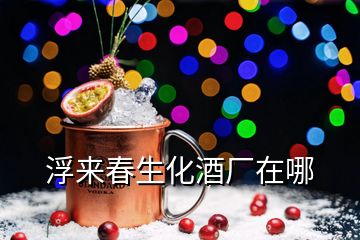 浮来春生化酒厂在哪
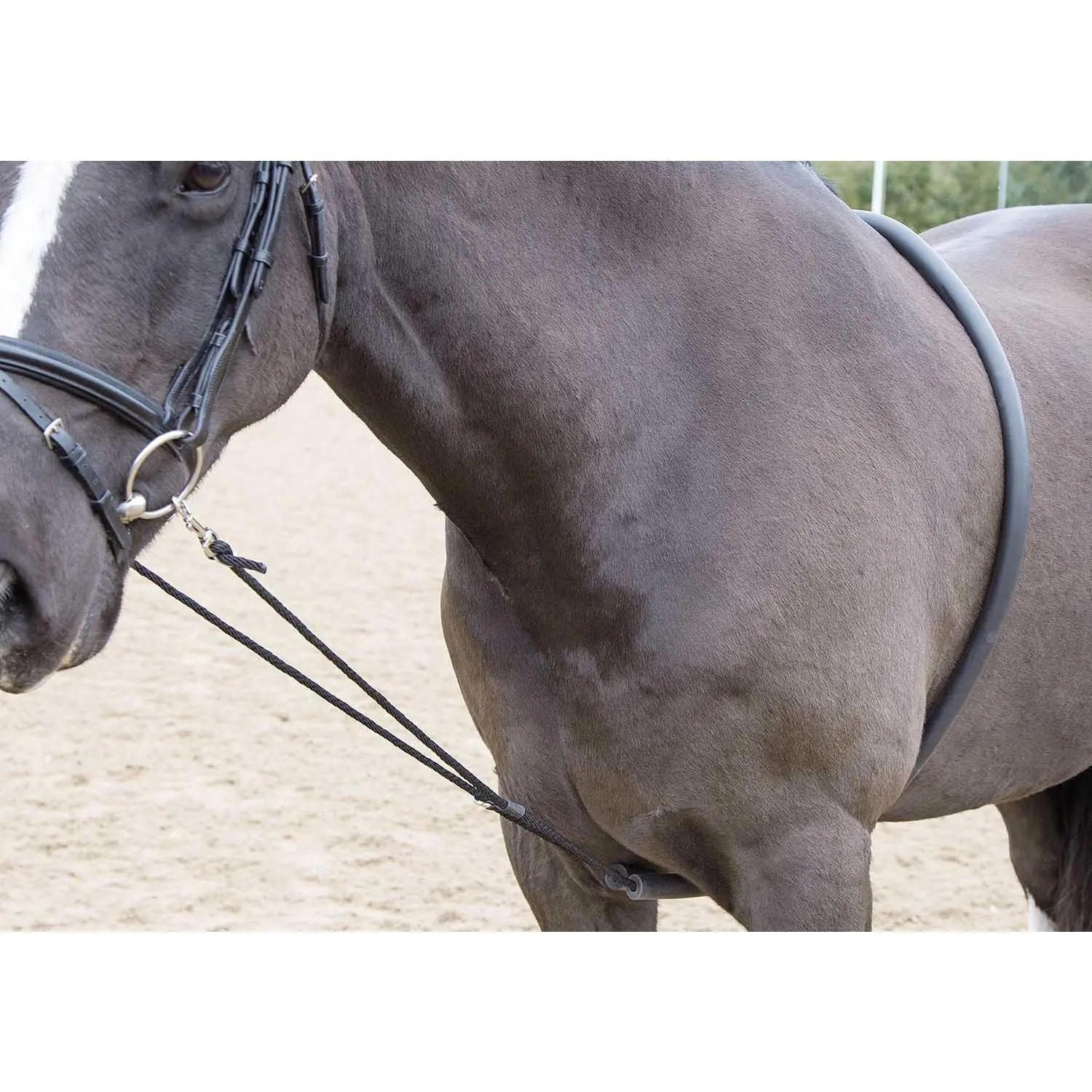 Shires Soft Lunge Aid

++++++++++++++++++++

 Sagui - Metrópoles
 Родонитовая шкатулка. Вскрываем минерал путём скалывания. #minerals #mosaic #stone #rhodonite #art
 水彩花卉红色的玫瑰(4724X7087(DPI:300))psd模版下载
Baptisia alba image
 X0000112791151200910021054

++++++++++++++++++++

Assigned task: Reproduce word for word the material above, starting with the line that has "Родонитовая шкатулка. Вскрываем" and stopping after the line that has "X0000112791151200910021054".

Answer to this exercise:
 Родонитовая шкатулка. Вскрываем минерал путём скалывания. #minerals #mosaic #stone #rhodonite #art
 水彩花卉红色的玫瑰(4724X7087(DPI:300))psd模版下载
Baptisia alba image
 X0000112791151200910021054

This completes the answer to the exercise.